How you envision your retirement is vital in determining the amount of financial resources necessary to fund a certain retirement lifestyle. A retirement packed with vacation cruises and travel will require considerably more funds than piddling around the yard or volunteering in the local community.
Other important financial aspects include whether you have the house paid for, whether you have accumulated significant debts, the basic cost of daily living, and potential health expenses. Of course you will need to evaluate whether your anticipated cash flow from Social Security, a pension or retirement account will adequately fund your desired retirement. The American Education Savings Council’s Ballpark Estimate at www. choosetosave.org is one of many good online tools to help you examine the numbers.
Be cautious in assessing whether you can pay for a retirement lifestyle and be sure you are getting solid advice. Earlier this year, Morgan Stanley was ordered to pay more than $7 million to resolve regulatory charges relating to misconduct in early retirement investment promotion.
Even if you can definitely pay for a retirement lifestyle, are you ready? Students in my psychology of money class often start the semester by asking, “Why wouldn’t anyone retire tomorrow if they have enough money to do so?”

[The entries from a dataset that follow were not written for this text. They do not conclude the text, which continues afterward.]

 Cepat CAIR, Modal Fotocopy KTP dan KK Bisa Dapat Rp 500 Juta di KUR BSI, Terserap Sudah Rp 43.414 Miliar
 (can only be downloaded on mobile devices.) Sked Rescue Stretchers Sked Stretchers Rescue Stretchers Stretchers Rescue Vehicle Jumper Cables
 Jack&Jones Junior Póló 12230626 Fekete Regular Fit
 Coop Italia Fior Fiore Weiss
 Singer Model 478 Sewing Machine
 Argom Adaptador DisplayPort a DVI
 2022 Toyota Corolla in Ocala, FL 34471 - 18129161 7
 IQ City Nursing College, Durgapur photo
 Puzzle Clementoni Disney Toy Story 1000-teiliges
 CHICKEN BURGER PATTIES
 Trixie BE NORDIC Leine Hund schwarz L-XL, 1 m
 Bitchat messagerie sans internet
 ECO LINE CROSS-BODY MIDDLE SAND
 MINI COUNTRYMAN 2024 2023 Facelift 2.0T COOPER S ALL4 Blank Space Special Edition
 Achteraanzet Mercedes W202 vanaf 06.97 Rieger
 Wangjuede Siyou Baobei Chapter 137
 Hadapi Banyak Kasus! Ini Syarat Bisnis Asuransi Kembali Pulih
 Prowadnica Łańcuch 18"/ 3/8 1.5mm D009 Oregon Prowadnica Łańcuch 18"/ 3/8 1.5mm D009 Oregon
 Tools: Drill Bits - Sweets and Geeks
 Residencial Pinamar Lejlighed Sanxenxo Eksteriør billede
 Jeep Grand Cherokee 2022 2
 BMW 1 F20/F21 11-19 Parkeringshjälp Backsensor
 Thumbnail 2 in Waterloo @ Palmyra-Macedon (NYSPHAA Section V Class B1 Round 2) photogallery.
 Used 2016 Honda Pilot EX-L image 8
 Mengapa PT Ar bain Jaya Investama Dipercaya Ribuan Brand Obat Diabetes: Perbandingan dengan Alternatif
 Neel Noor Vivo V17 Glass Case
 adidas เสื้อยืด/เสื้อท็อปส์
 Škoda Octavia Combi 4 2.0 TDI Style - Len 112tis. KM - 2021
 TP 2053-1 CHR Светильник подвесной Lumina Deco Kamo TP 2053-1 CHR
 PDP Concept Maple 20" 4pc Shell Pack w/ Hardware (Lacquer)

A major reason is because people are living longer and healthier in retirement. If you retire early you could easily be retired 30 or 40 years, and with good luck be in excellent health for most of that time. Evidence shows that many people who retire wish to return to some form of work before long. One survey found that half of retired baby boomers wanted to return to work — half due to a lack of money; the other half because of missing friends from work or plain old boredom.
What does retirement mean to you? It may mean financial freedom to make choices. Perhaps it means leaving the work force altogether. But it may mean continuing part time or perhaps switching into a different job that doesn’t pay as much but is something that has always interested you.